In this issue, we spotlight key developments the digital regulatory sphere within the EU, UK, and in Germany. We provide an update on the now-finalized EU AI Act as well as enforcement insights on the Digital Services Act and Digital Markets Act, which are now both fully operational. Meanwhile, the UK’s corresponding digital regulatory framework is advancing as well, with updates on the Online Safety Act and the Digital Markets, Competition and Consumers Bill. With more content-focused regulation being out of the way at least for now, the EU seems to turn its attention towards digital infrastructure with a new white paper for a “Digital Networks Act”. Other key updates concern the right to repair (EU), greenwashing and cookies (UK), and online encryption (Germany).
2. Digital Services Act fully in force; Update on German implementing rules
3. White paper published regarding Digital Networks Act
4. Digital Markets Act update re 7 March 2024 compliance date for gatekeepers
5. eIDAS 2.0 rules for digital identity systems and trust services close to final adoption
6. Provisional agreement on Right to Repair Directive
7. Online Safety Act – Q1 updates and the data protection aspects
8. UK Digital Markets, Competition and Consumers Bill: Even more consumer protection
9. FCA’s anti-greenwashing rule
10. Proactive cookie compliance
11. Leaked proposal to introduce mandatory end-to-end encryption for online communications
The EU Artificial Intelligence Act (“AI Act”) has finally been adopted by the European Parliament on March 13, 2024, marking a significant milestone in Artificial Intelligence (AI) regulation. The AI Act aims to safeguard AI use within the EU while prohibiting certain practices outright. It has an extensive scope, applying to providers, deployers, importers, and distributors of AI systems placed on the market or put into service in the EU. The extra-territorial reach even extends to providers and deployers of AI systems established in third countries in situations where the output of the AI system is used within the EU.

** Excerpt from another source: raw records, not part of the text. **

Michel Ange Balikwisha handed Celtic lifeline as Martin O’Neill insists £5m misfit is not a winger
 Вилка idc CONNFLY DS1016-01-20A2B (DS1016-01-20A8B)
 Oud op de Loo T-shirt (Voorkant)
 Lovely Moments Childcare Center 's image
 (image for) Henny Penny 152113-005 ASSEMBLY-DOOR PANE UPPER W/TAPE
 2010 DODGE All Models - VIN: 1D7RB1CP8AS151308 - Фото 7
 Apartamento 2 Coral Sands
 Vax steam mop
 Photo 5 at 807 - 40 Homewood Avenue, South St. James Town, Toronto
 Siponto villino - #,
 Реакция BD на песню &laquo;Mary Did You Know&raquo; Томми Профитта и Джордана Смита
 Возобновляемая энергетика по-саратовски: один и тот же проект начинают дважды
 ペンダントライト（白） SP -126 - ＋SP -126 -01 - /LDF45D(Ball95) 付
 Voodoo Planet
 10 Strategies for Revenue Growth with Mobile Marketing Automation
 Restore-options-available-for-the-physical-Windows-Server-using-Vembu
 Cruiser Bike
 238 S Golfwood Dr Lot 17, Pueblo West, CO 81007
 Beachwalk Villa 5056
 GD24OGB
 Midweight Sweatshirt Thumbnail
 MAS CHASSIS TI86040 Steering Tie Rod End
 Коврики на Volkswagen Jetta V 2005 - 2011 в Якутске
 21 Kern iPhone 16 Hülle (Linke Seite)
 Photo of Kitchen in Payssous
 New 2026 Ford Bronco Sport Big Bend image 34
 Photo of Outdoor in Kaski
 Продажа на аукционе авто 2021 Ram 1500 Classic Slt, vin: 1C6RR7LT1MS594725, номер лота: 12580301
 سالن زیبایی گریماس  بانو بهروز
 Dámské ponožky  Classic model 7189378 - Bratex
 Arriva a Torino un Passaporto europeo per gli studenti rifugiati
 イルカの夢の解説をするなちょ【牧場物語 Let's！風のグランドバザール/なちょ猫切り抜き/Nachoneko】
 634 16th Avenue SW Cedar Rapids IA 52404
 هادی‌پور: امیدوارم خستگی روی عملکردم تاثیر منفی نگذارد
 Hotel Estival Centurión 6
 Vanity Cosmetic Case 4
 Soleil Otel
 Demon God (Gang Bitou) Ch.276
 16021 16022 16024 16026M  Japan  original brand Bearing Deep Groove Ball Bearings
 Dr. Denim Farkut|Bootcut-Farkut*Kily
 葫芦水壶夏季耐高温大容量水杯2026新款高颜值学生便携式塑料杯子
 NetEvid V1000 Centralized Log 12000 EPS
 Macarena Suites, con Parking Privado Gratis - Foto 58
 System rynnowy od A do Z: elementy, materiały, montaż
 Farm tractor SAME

The AI Act introduces a tiered approach to regulation, mainly addressing AI systems applying prohibited practices, high-risk AI systems and general-purpose AI (GPAI), with an additional category for GPAI with systemic risk, each carrying different obligations and potential fines. For high-risk AI systems, organizations must, for example, assess and reduce risks, maintain use logs, be transparent and accurate, and ensure human oversight. Individual citizens will have a right to submit complaints to the relevant Member State regulators and to receive explanations about decisions based on high-risk AI systems that affect their rights. Also, the AI Act addresses pressing concerns surrounding copyright, mandating that GPAI providers adhere to EU copyright laws and observe opt-outs made by rights-holders under the Text and Data Mining exception of the EU Copyright Directive regarding their training data. The AI Act provides limited exceptions for free and open-source AI models. Penalties for non-compliance with the AI Act are severe, with fines of up to EUR 35 million or 7% of global annual turnover.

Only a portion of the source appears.